Find, in the records below, the line that contains "ISOOK（アイスー）の「【ZOZOTOWN限定】Half sleeve over" and the line that contains "AI generated neon". Copy those two lines and everything between them exactly, but not the pictures.

Material supplied ->
_ _ _ _ _ _ _

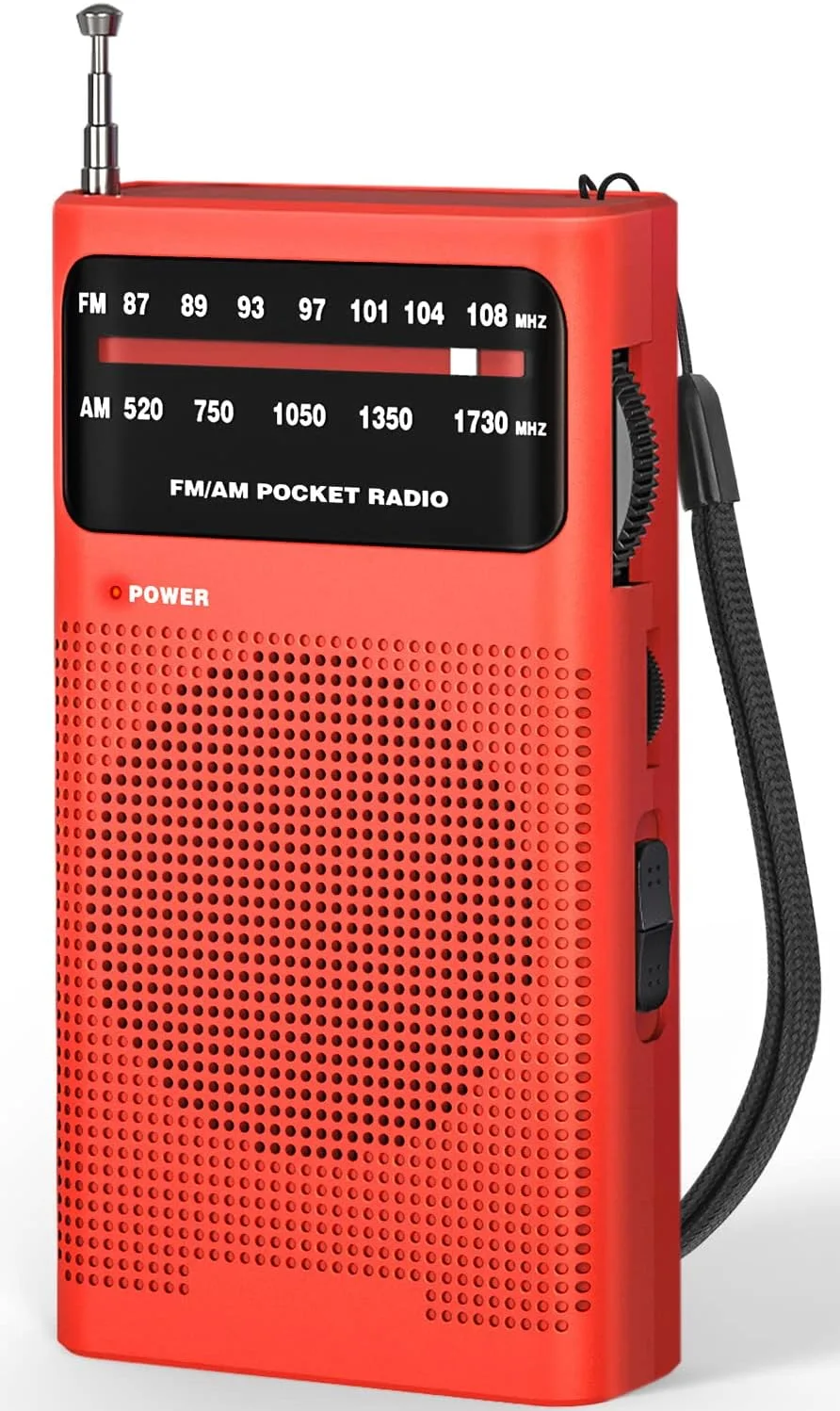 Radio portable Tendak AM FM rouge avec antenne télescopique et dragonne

_ _ _ _ _ _ _

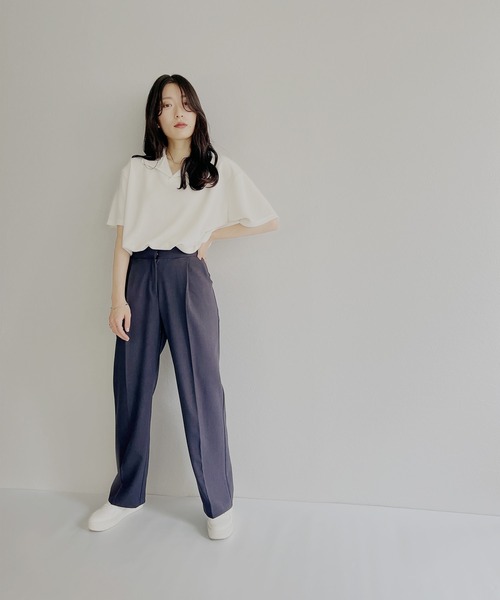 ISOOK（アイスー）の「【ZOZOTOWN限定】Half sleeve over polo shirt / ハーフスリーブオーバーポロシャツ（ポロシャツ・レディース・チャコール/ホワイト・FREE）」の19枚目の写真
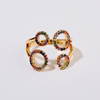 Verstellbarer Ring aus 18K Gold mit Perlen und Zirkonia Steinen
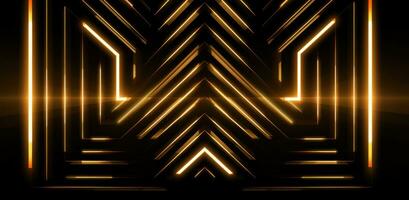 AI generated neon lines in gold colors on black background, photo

_ _ _ _ _ _ _

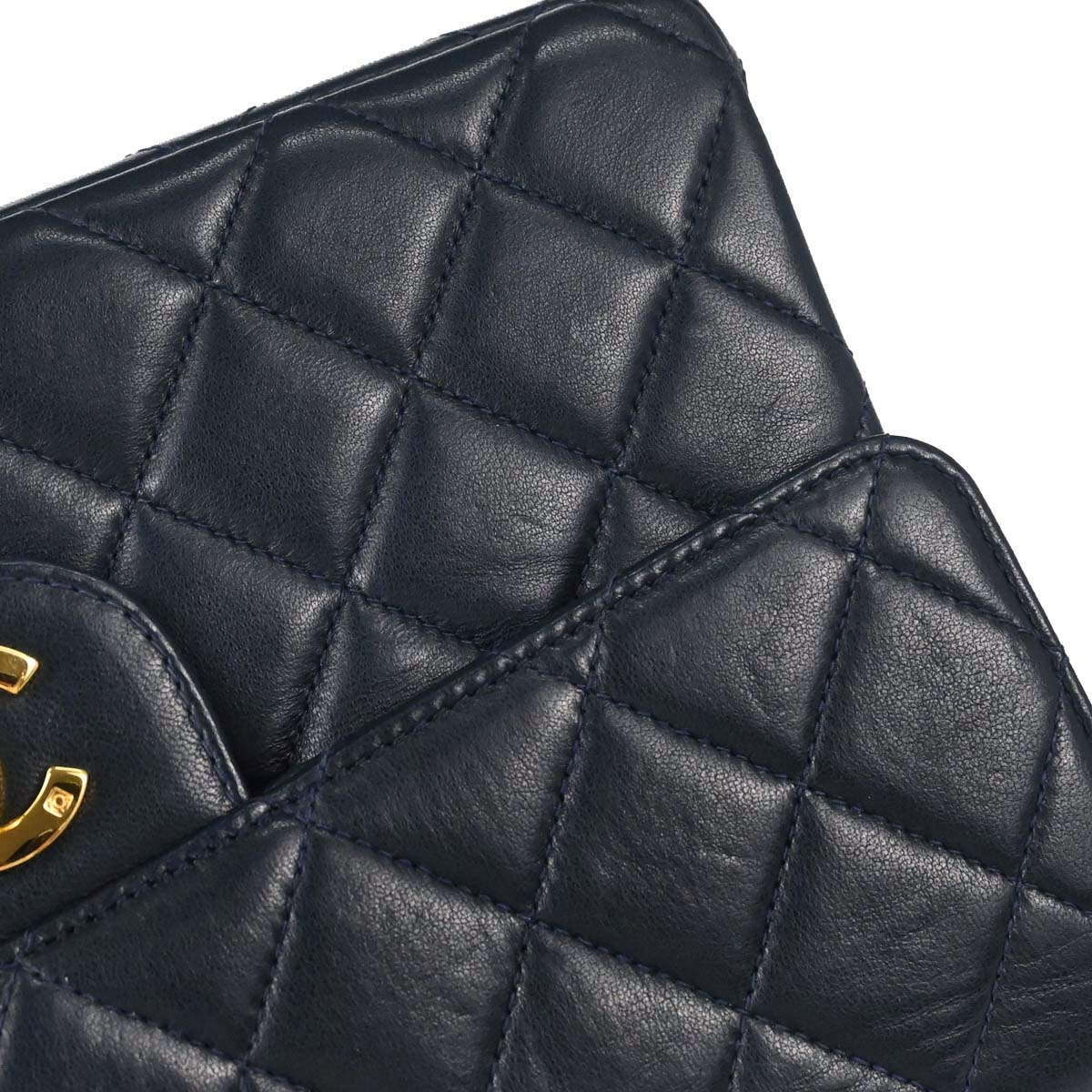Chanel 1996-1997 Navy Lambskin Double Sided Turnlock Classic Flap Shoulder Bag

_ _ _ _ _ _ _

Reply to the task ->
 ISOOK（アイスー）の「【ZOZOTOWN限定】Half sleeve over polo shirt / ハーフスリーブオーバーポロシャツ（ポロシャツ・レディース・チャコール/ホワイト・FREE）」の19枚目の写真
 Verstellbarer Ring aus 18K Gold mit Perlen und Zirkonia Steinen
 AI generated neon lines in gold colors on black background, photo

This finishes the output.